La guerre était officiellement finie depuis quelques mois maintenant, nous on se promenait encore en Allemagne, au milieu de belles femmes blondes et de vieux décors champêtres colorés façon Goethe et tout le toutim. Enfin je suppose, j'ai jamais lu Goethe mais je me souviens d'un tableau où il posait dans ce style de campagne; la vie était pas trop désagréable à cette époque je crois, pas extraordinaire non plus, une vie neutre sans gros désagrément. Enfin l'armée quoi. On finissait souvent au bordel avec de l'alcool plein les narines.

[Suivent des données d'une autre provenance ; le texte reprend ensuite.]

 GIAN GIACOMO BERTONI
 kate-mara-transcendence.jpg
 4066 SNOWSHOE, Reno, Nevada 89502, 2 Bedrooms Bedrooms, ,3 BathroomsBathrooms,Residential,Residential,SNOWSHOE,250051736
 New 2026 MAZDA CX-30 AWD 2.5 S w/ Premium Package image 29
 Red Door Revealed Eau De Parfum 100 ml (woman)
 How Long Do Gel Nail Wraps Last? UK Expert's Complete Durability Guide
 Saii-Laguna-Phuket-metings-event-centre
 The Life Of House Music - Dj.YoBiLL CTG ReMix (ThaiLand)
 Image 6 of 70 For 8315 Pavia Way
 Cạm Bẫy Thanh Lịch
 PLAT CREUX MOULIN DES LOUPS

Il parait qu'en France, on avait fêté la Libération comme il se doit, un océan de folie comme on en avait jamais vu, j'aurai bien aimé le voir de mes yeux. Je me contentais de me voir (de voir la France!) dans les yeux des allemands, ils ne nous aimaient pas vraiment, on faisait bien les arrogants faut dire. Moi, ça me rappelle quand ma tante se pointait à l'improviste chez nous et qu'elle gonflait tout le monde avec sa voix haut perchée de vieille commère; je la regardais avec cette même colère sournoise qu'ont les allemands maintenant.

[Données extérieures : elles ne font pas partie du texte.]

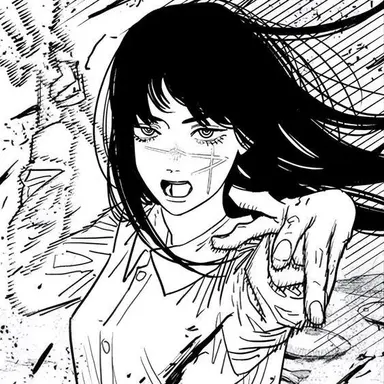 Profile image of ヨル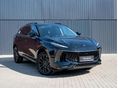 DONGFENG (DFSK) T5 EVO 2026/5 - 3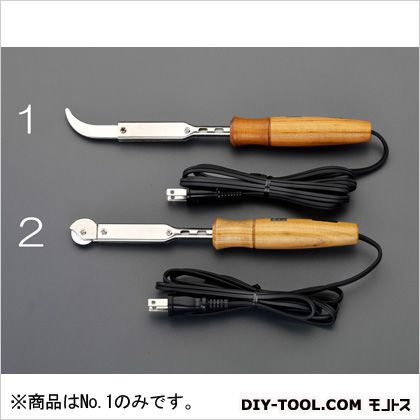 AC100V/30W簡易型シーラー(ヘラ型) EA305XL-1 1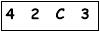 salt-30DB7C7F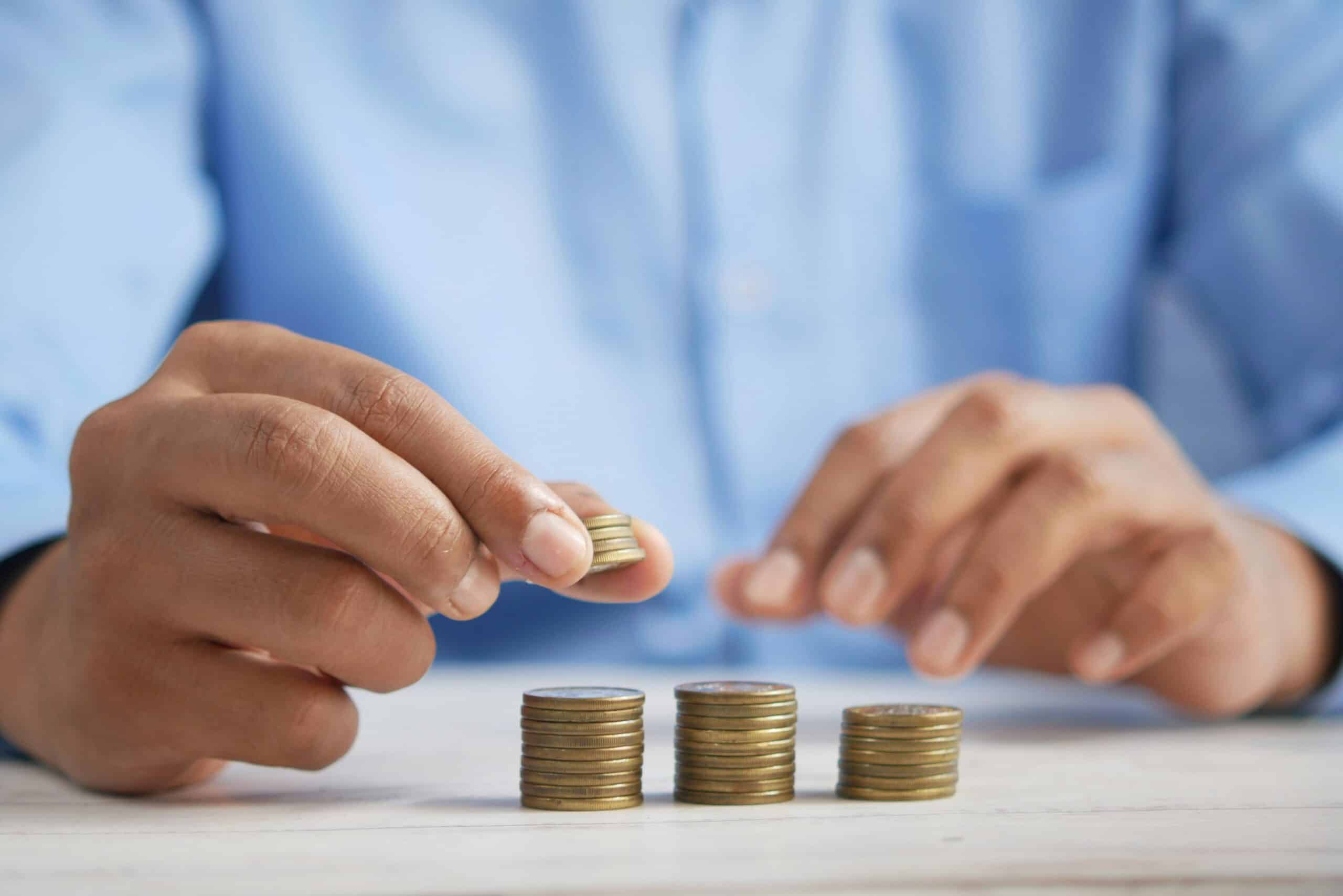 charges-deductibles-kine-liberal Liste charges déductibles des impots kiné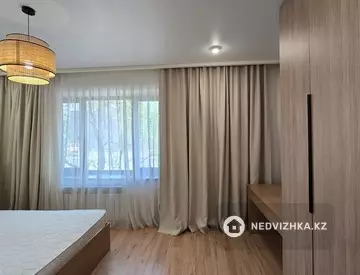 5-комнатный таунхаус, 1 соток, 250 м², На длительный срок, миниатюра 3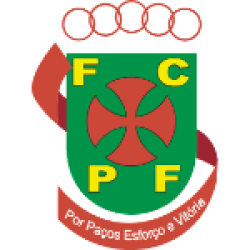 Pacos Ferreira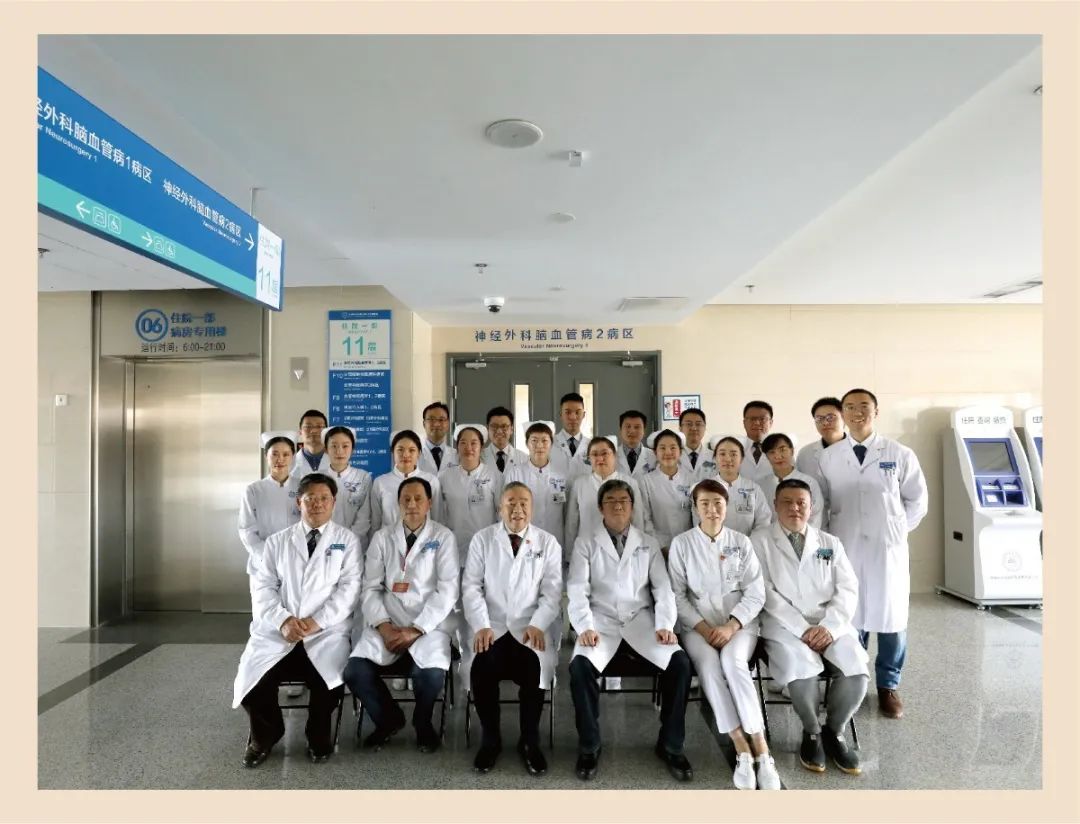 张东攀岩的视频,张东攀岩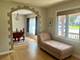422 Bernard, Buffalo Grove, IL 60089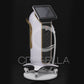 Professional 808nm Big Screen Diode Laser Hair Removal Machine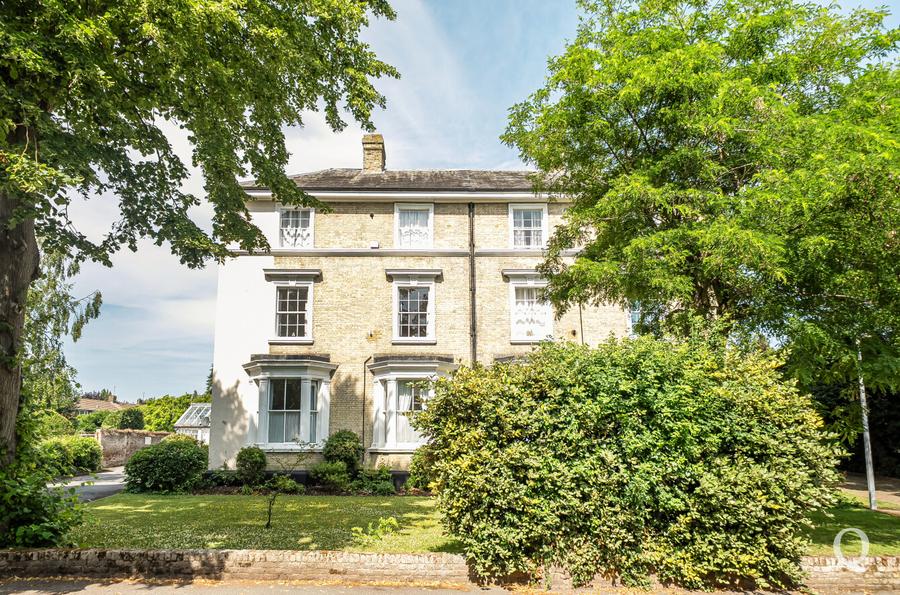 8 Whitehall Court, Bell Road, Sittingbourne, Kent, ME10, 11477, image-10 - Quealy & Co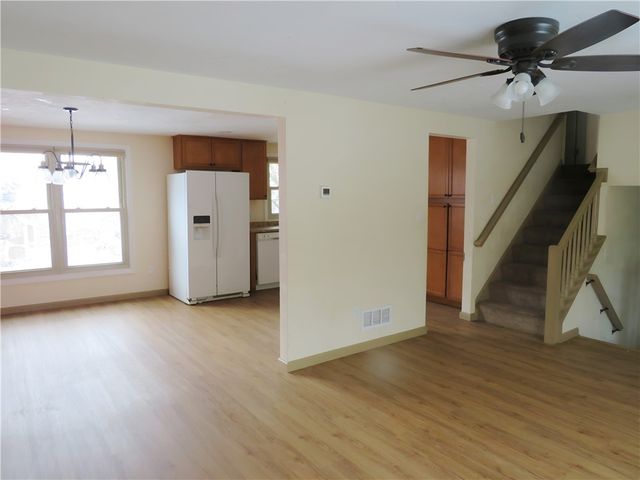 171 Cassia Dr, Jefferson Hills, PA 15025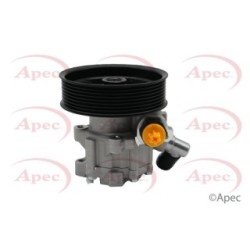 Power Steering Pump APEC APS1100 OE Ref A0044668901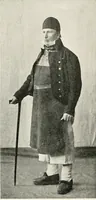 An illustration from Peasant art in Sweden, Lapland and Iceland (1910)
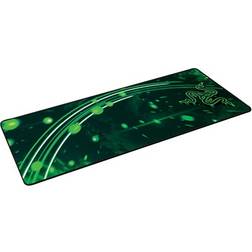 Razer Goliathus Speed Cosmic Edition Extended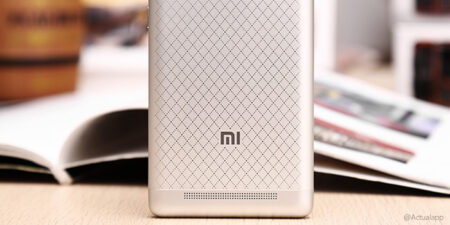 Xiaomi Redmi 3 de oferta y más en el Año Nuevo chino de igogo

Mais bon je lui disais pas à ma tante qu'elle me cassait les couilles, je la maudissais en silence, on s'y retrouve au final. Ma tante c'était peut être une fräulein, va savoir... Berthe qu'elle s'appelait, j'ai déjà vu des allemandes qui s'appelait Bertha.

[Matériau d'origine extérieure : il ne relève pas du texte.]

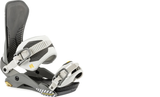nitro-phantom-tech-grey-stiprinajumi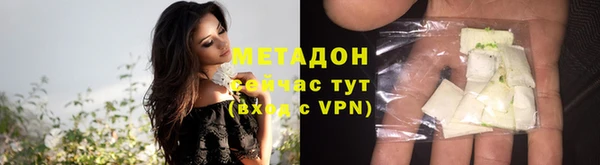 a pvp Алексеевка
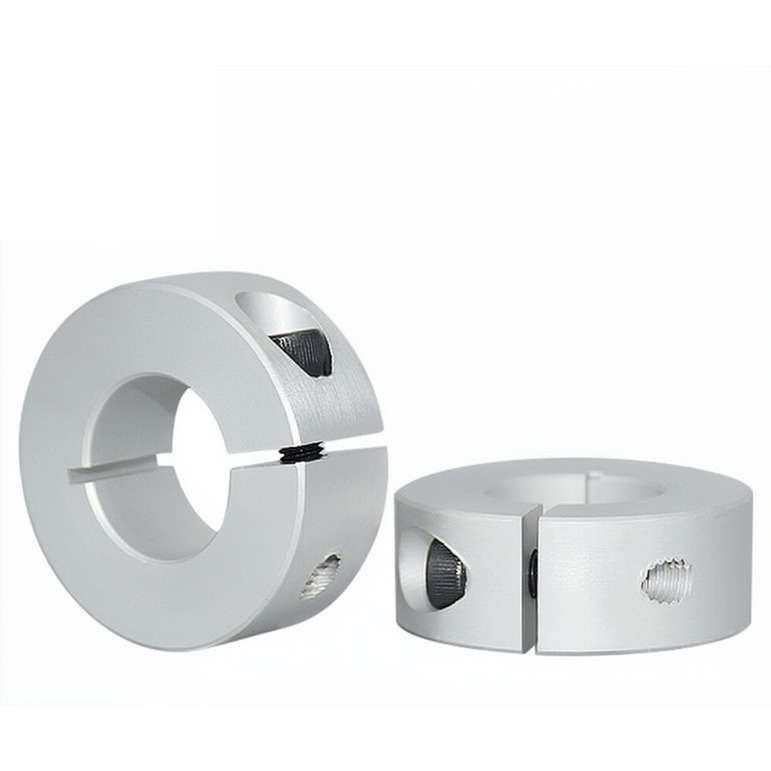 Shaft Collars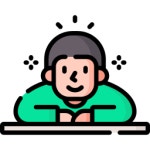 운궁법 - 무료 사람들개 아이콘 아티스트가 디자인한 운궁법 종의 무료 아이콘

Je vais finir en chair à saucisse de Francfort et je me souviens de ma putain de tante! Le clic, c'était pas l'antivol ou une balle, j'ai marché sur une mine. Je suis fait je crois. C'était une manoeuvre de routine comme on en faisait tous les jours, je m'étais mis à l'arrière pourtant, les autres avaient réussi à passer au travers, il a fallu que ça tombe sur moi, sacré bon dieu... Aide toi et le ciel t'aidera c'est ça que je disais?

Maintenant, je sais que je vais probablement y passer et je ne pleure plus, je ne jure plus. Je redeviens Jacques l'être humain, je ne joue plus cette vague comédie pétaradante, je jette mon masque de soldat à terre avec mes armes. Albert n'est plus là pour me protéger avec sa mitraillette, la troupe retient son souffle dans un calme absolu. Le monde s'est arrêté de vivre, il vacille doucement sous les assauts répétés du vent, le bruissement de l'herbe fait frissonner toute la colonne vertébrale du monde; je regarde autour de moi. Tous ces yeux anonymes, ceux de mes amis de galère, prennent une lueur différente à cet instant. Je me souviens maintenant, le jeune aux mèches blondes s'appelait Robert. Je me débarrasse de mes affaires, donne une lettre à Albert, je lui dis au revoir tout simplement car je ne sais plus trop quoi dire. Lui aussi me répond un au revoir d'impuissance, je n'avais jamais fait attention mais sa voix est douce quand il déverse pas sa bile sur l'ennemi. Je demande solennellement aux autres de s'écarter, peut-être qu'avec un bond d'animal prodigieux, j'arriverai à m'en sortir. Je laisserai sans doute une jambe ou deux dans l'histoire, je crois que c'est encore plus moche que la mort. Crapahuter, ça me plaît moi. C'est ma vie, je suis juste bon à me servir de mes jambes pour m'enfuir.

Je ne sais pas si je dois croire en Dieu, le destin et toutes ces affaires un peu trop grandes pour moi... La mine n'a jamais explosé. J'ai attendu quelques secondes, puis j'ai sauté en criant comme une jeune pucelle, la voix rauque en plus, croyant exploser comme une vieille baudruche. Cet intérieur qui n'attendait que ce moment pour jaillir à la face du monde et se libérer enfin. Tout est sorti dans ce cri je crois : mes peurs, l'amour, la violence, la haine, le regret, le courage, la mort et la vie réunies; une purge de sentiments.

Je me pensais mort, quelques brèves secondes j'ai même été mort-vivant...

Je suis vivant.





"On était des bovins, des bovins sanguinaires."